A previous study on the effects of the addition of C. vulgaris to yogurt found that increasing the amount of C. vulgaris from 0.25 to 1.00 % resulted in weaker sensory acceptability for all parameters (53).
The acceptance index for quark cheese was calculated to be 56 %, and for cream cheese it was 78 %. According to Lucas et al. (55), a product needs an acceptability index greater than 70 % to be accepted in terms of sensory characteristics. Therefore, it is expected that quark cheese containing microalgae would not be well-received by consumers, whereas cream cheese with microalgae would be well-received if commercialized.

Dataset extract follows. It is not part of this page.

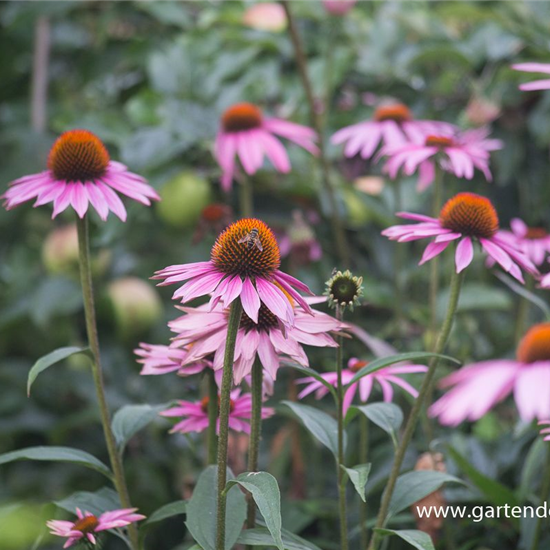 Garten-Scheinsonnenhut 'Purple Prairie' Garten-Scheinsonnenhut 'Purple Prairie'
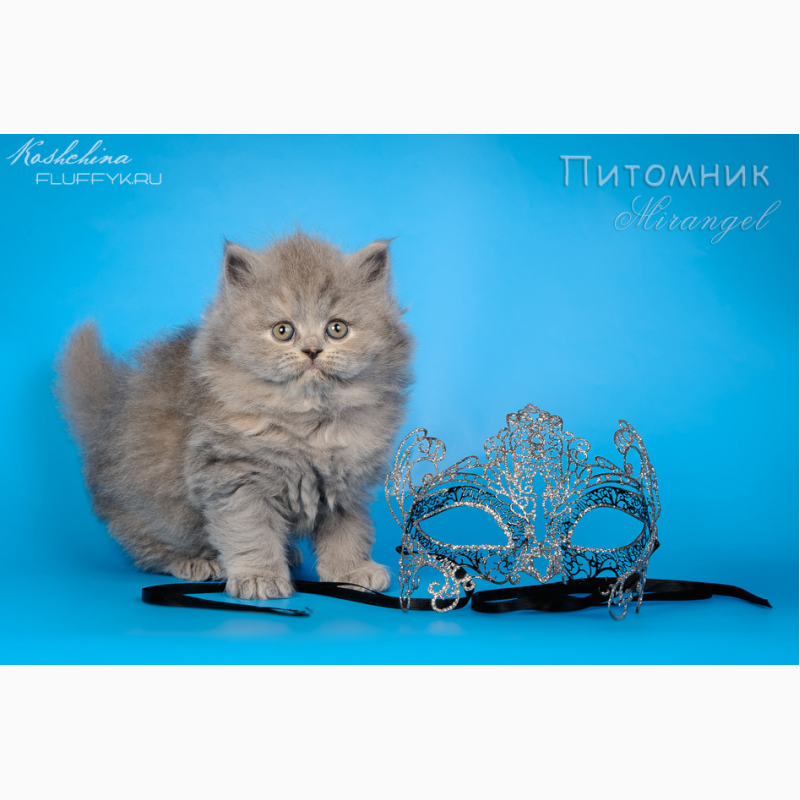 Фото 2. Купить длинношерстного котенка в Москве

Purchase intention was determined by using a five-point scale from 1=would certainly not buy to 5=would certainly buy. The average purchase intention of the quark cheese containing microalga was 2.7 for the Cv2 and 2.4 for Cv4, with a purchase intention index of 54 and 48 %, respectively (data not shown). For the green cream cheese, it was 3.8 and 3.6 for the Cv2 and Cv4, respectively, with a purchase intention index of 76 % for Cv2 and 72 % for Cv4. The purchase intention of the Cv2 cream cheese is considerably higher than the Cv2 quark cheese, with a higher number of panellists scoring ’would certainly buy’ and ’would probably buy’, 10 and 12 panellists respectively for cream cheese and 1 and 7 panellists, respectively, for quark cheese. The purchase intentions of both microalga-enriched cream kinds of cheese are similar and promising, although the cheese with a lower C. vulgaris content had a better acceptance.
CONCLUSIONS
The protein mass fraction of quark and cream cheese with the addition of 4 % of spray-dried Chlorella vulgaris (Cv) biomass increased by 21.2 and 6.9 % respectively, compared to the control. There was an important increase in Zn and Cu mass fractions, and the cream cheese with 4 % Cv can state the nutritional claim ’source of Fe’. Although there are some changes in the firmness, sensory results are promising, especially with a purchase intention index of 76 and 72 %, respectively, of the cream cheese samples with 2 and 4 % of microalgal incorporation. As this work is related to the improvement of the cheese nutritional profile, it suggests that the green microalga C. vulgaris can be used as a promising functional ingredient of vegetable origin for the enrichment of traditional dairy products, obtaining innovative and more sustainable products, with a greater antioxidant capacity, protein content and mineral profile, and good sensory acceptance.